The announcement does not mean that a new lacrosse team will be based in Boston or New England. The PLL, which Rabil launched in October with his brother, Mike, will operate as a tour-based model, with six teams playing each other in a different host city each weekend of a 14-week season. There will be 10 regular-season weekends, an All-Star week, and three playoff weekends.
The first weekend of June was chosen as opening weekend in part because the NCAA lacrosse season will be over by then. PLL games will be broadcast on NBC Sports networks.
The tour-based model — like NASCAR or MMA — attempts to capitalize on event scarcity rather than a consistent base of season ticket-holders. Over time, Rabil said, he hopes the league will grow to the point where it could support a city-based model. For now, the PLL expects spectators to come from up to 250 miles away, with only one opportunity per season to see a weekend of professional lacrosse in their community.
The PLL has yet to announce the names of its six teams. It will not have a draft in its first year, but form teams in a way that encourages competitive balance before handing more responsibility in roster-building over to individual teams and coaches in seasons to come.
New England was chosen to host the opening weekend over cities including Baltimore and Philadelphia in the Mid-Atlantic, where lacrosse is most popular. Rabil, who is from the Washington, D.C., area and played college lacrosse at Johns Hopkins, said the decision was largely based on empirical data. Household TV viewership of lacrosse, participation rates in the sport, and quality of venues were all factors.

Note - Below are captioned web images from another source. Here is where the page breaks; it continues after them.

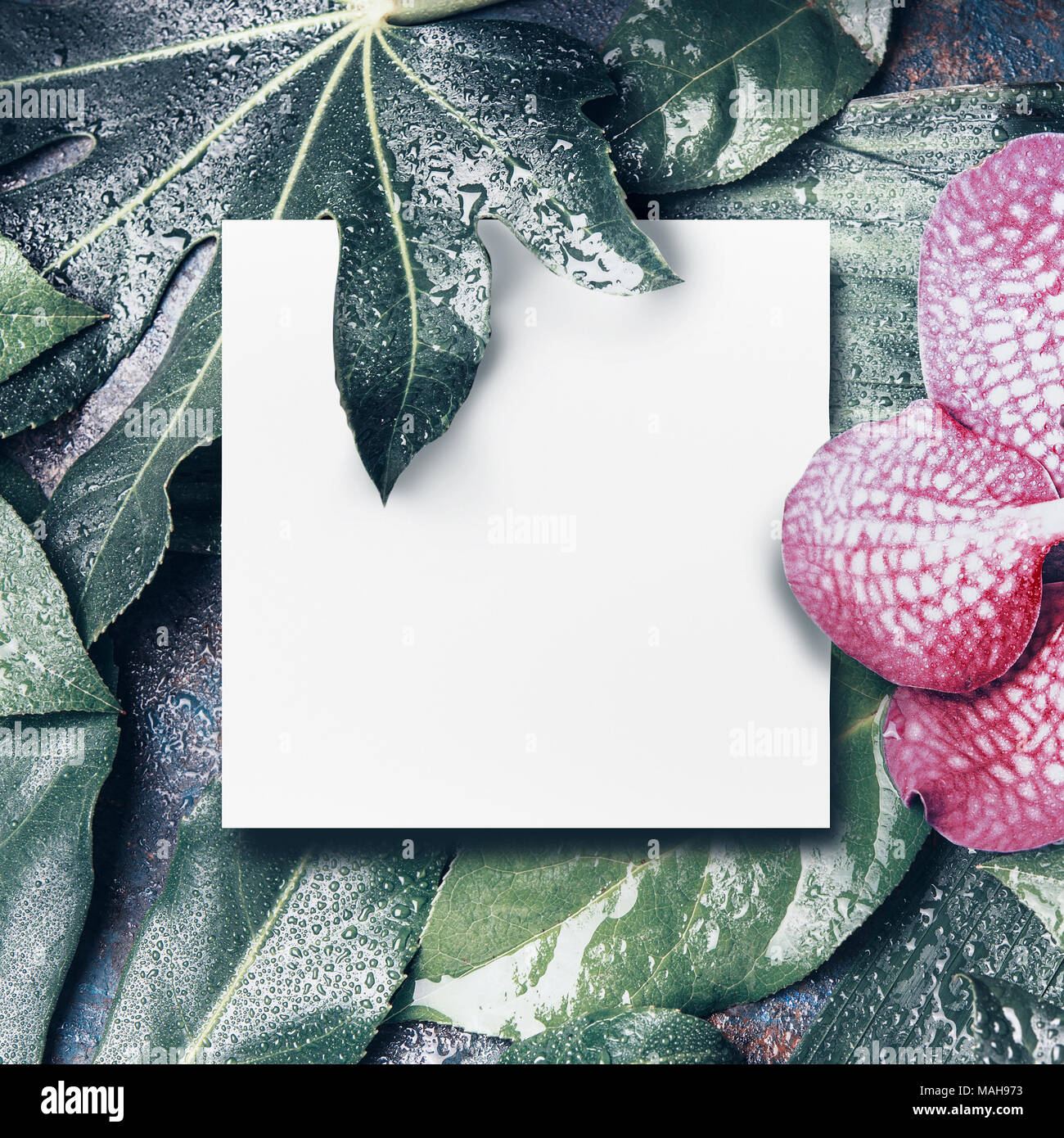 Foglie tropicali e fiori layout con vuoto bianco foglio di carta sfondo per  il vostro design Foto stock - Alamy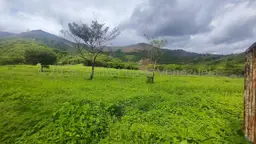 Vista 15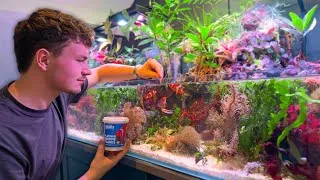 Thumbnail: What I Actually Feed My Fish (After Years of Testing)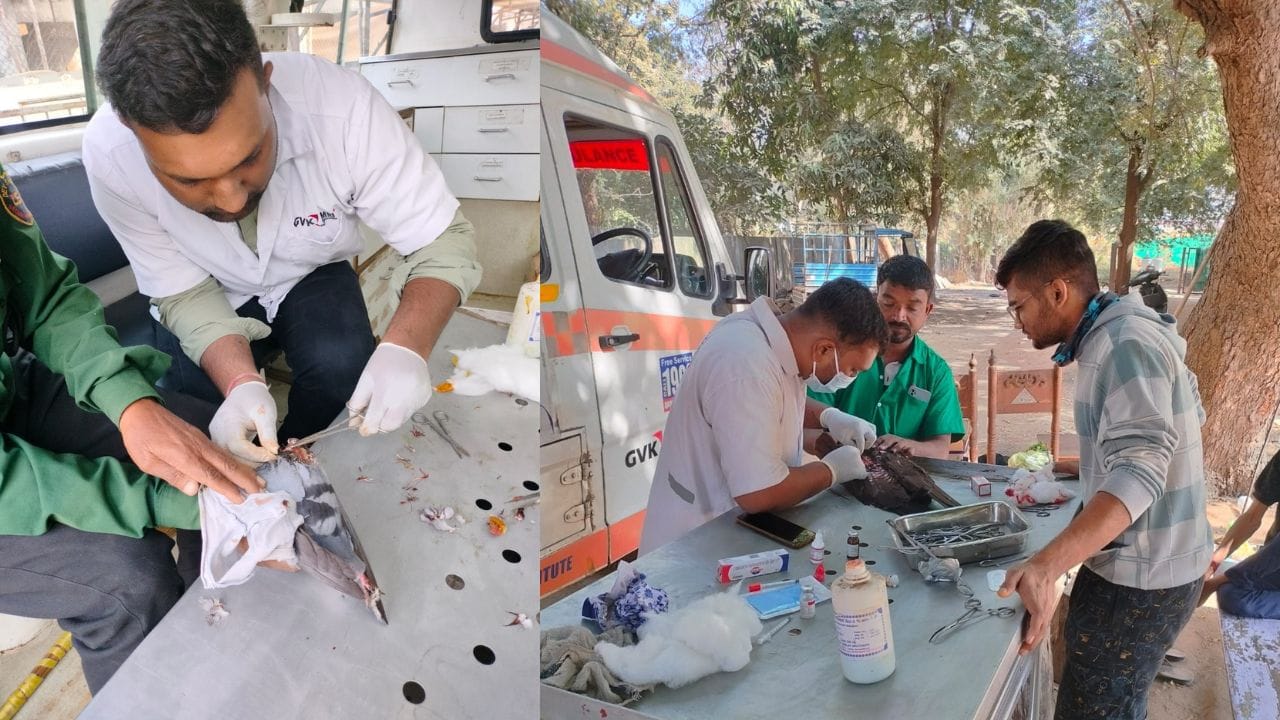 EMRI ગ્રીન હેલ્થ સર્વિસની કરુણા એમ્બ્યુલન્સ અને ફરતા પશુ દવાખાના દ્વારા આ માનવતા અને સેવાનું કાર્ય 20 જાન્યુઆરી સુધી ચાલશે. 
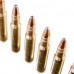 Патрон 30-06Sprg Sellier&Bellot 9.7 SPCE 1/20 Патрон 30-06Sprg Sellier&Bellot 9.7 SPCE 1/20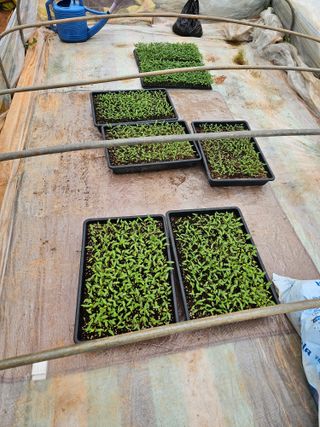 엘도라도님의 고추 · 영농일지 작성글 사진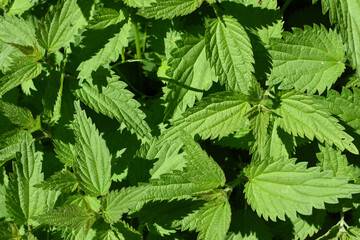 stinging nettles background with green leaves
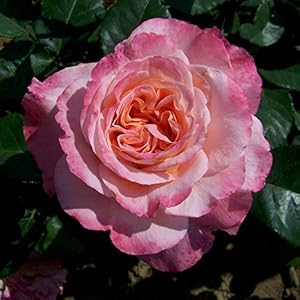 Pflanzen Kölle Edelrose ‘Augusta Luise®’ ist eine Rose-apricotfarbene, öfterblühende Gartenrose mit unvergleichlich intensivem Duft. Im 6 Liter Topf. 4er-Set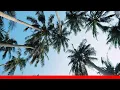 11 Fascinating Facts About Palm Trees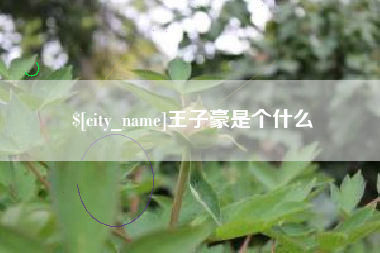 邵阳县王子豪是个什么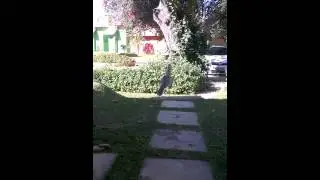 WP 20150709 007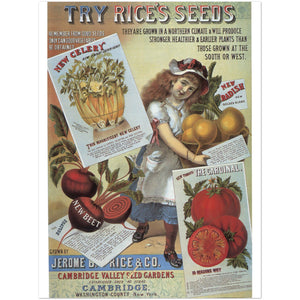 3147353 Ad for Rice's Seeds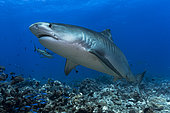 Front view Tiger shark (Galeocerdo cuvier), Tahiti, French Polynesia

Personal relationships with the Kraft family and others in the region played a role, too. Rabil has known Bill Belichick since college, having first met the Patriots coach at an All-American dinner. Those relationships were strengthened during his MLL days in Boston. Patriots receiver Chris Hogan, a college lacrosse player, is an investor in PLL.

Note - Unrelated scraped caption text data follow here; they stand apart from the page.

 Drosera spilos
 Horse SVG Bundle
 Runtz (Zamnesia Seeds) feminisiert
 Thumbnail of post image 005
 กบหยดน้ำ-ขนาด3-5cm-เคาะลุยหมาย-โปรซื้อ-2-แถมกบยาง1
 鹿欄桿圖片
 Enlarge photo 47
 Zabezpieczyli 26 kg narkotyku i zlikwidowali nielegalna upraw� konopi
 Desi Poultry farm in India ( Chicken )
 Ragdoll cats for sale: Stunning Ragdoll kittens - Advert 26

Even though teams won’t have a home field in any specific city, Rabil still expects the league to establish strong ties to individual communities.

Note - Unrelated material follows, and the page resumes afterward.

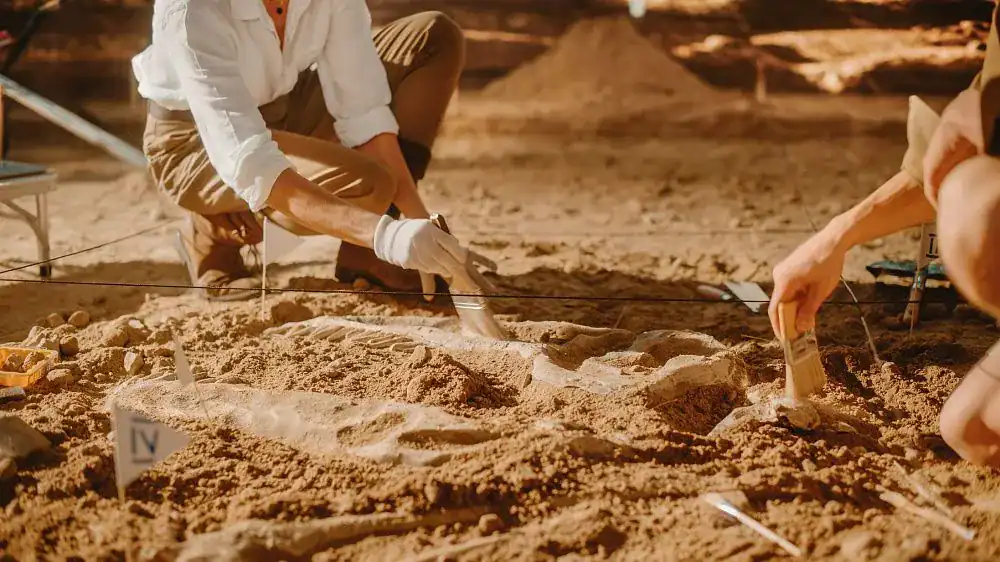 Giant Dinosaur Discovered in Brazil Sheds New Light on Evolution of Massive Herbivores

“There’s no market that cares more about their team and their city than New England,” Rabil said. “While we’re certainly out here pushing creatively with new media, with great distribution from our partners at NBC, and we’re leaning into a different version of a team sports league — being tour-based, building lacrosse clubs and pushing the boundaries of celebrity profiles of our athletes — we don’t by any stretch of the imagination think that city alignment with team is irrelevant. It’s actually more relevant than ever.”